C'est dans une de ces maisons des plus rudimentaires que vit une jeune adolescente, seule avec son père. Leur relation est belle, faite de menues attentions, de petits gestes du quotidien, comme lorsque le père branche le poste sur la batterie du camion pour amener la musique à sa fille. Tous eux ont l'ingéniosité de ceux qui ont peu et dont la vie semble réglée par la nécessité.
Chaque jour le père part travailler avec son tacot, mais il laisse le volant à sa fille jusqu'à l'intersection de deux routes où il la dépose et continue vers un au-delà qui nous restera aussi inconnu qu'à elle. Alors, un jeune homme à cheval vient immanquablement la chercher pour la ramener jusqu'à la maison.
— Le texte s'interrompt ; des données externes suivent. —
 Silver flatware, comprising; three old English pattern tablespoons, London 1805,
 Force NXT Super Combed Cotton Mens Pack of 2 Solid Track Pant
Immanquablement, elle lui offre de l'eau avant de le voir repartir fièrement sur le destrier qu'il n'a pas quitté. Sans doute la façon kazakhe de faire la cour, car à quatorze ans notre jeune fille est en âge d'être mariée. Un élément va venir troubler cette vie réglée comme une horloge suisse : en 1949, des Russes arrivent par avion… Et l'un d'eux, un jeune homme fantasque, va venir lui aussi chercher l'eau si précieuse chez notre belle kazakhe. Quelque chose passe immédiatement entre eux par le seul regard.
Car nous ne l'avons pas encore dévoilé, le film est muet, sans aucun dialogue, juste les images et les sons, et cela ne pose aucun problème au spectateur que nous sommes. Au contraire. Les choses ne semblent pas avoir besoin de mots pour être désignées. Chaque jour les mêmes gestes, les mêmes besoins qu'il n'est pas nécessaire de nommer. Quant aux sentiments, ils trouvent naturellement leur propre mode d'expression, leur propre chemin. Le triangle amoureux, une histoire aussi vieille que l'humanité. Qu'ajouter de plus ?
Alexander Klotz n'a jamais imaginé son film autrement que muet. Et on peut se le permettre quand on est un grand faiseur d'images comme lui. Certains plans sont d'une beauté à couper le souffle, mais ce n'est pas ce souffle, ni même le souffle de l'amour, qui inspire le titre, mais un souffle plus néfaste… Mais je ne vous en dis pas davantage, vous découvrirez cela en venant tenter cette expérience de cinéma audacieuse.